Docker CLI Support

Stackie’s daemon (stackied) speaks the Docker Engine API v1.43 on a local socket. Any tool that talks to Docker — the CLI, Compose, Lazydocker, VS Code Dev Containers — should work with Stackie. You just tell it where the socket is.

Socket Location

The socket path differs by platform:

PlatformSocket
macOS / Linux~/.stackie/stackied.sock
Windows\\.\pipe\stackie_daemon

The socket is created when the daemon starts (stackie up or stackied directly) and removed on clean shutdown.

Setup: No Existing Docker Install

If Docker Desktop is not installed, the simplest approach is to make $DOCKER_HOST point at the stackied socket permanently.

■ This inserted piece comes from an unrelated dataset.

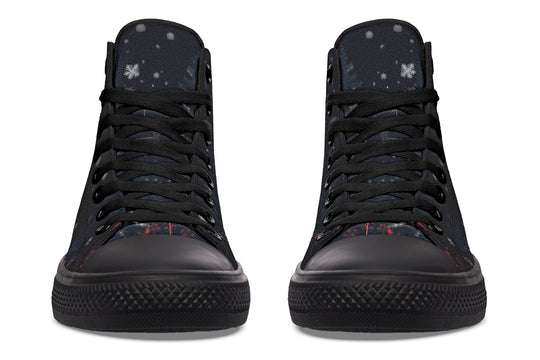 Yule Antlers High Tops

Your shell then treats it as the default Docker endpoint — no flags, no per-command overrides.

macOS / Linux

Add to your shell profile (.zshrc, .bashrc, .profile, etc.):

export DOCKER_HOST="unix://$HOME/.stackie/stackied.sock"

Reload your shell, then verify:

docker ps
docker version

Windows (PowerShell)

Add to your PowerShell profile ($PROFILE):

$env:DOCKER_HOST = "npipe:////./pipe/stackie_daemon"

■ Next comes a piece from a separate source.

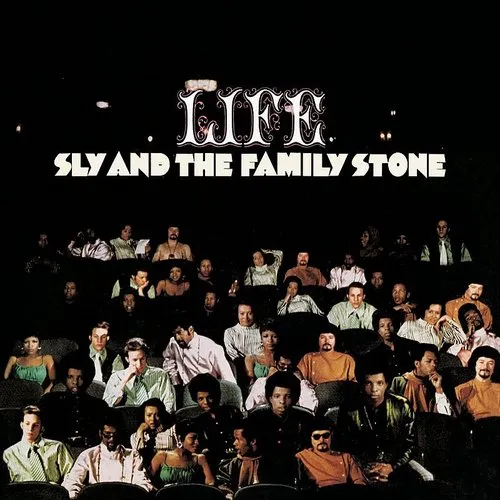 Sly & The Family Stone - Life vinyl record cover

Or set it permanently via System Properties → Environment Variables:

DOCKER_HOST = npipe:////./pipe/stackie_daemon

Verify in a new terminal:

docker ps
docker version

Setup: Side-by-Side with Docker Desktop

If you have Docker Desktop installed and want to keep using it alongside Stackie, don’t change $DOCKER_HOST globally. Instead, scope the override to the commands or terminal session where you want to target Stackie.

Open a terminal dedicated to your Stackie project and export DOCKER_HOST only for that session:

# macOS / Linux
export DOCKER_HOST="unix://$HOME/.stackie/stackied.sock"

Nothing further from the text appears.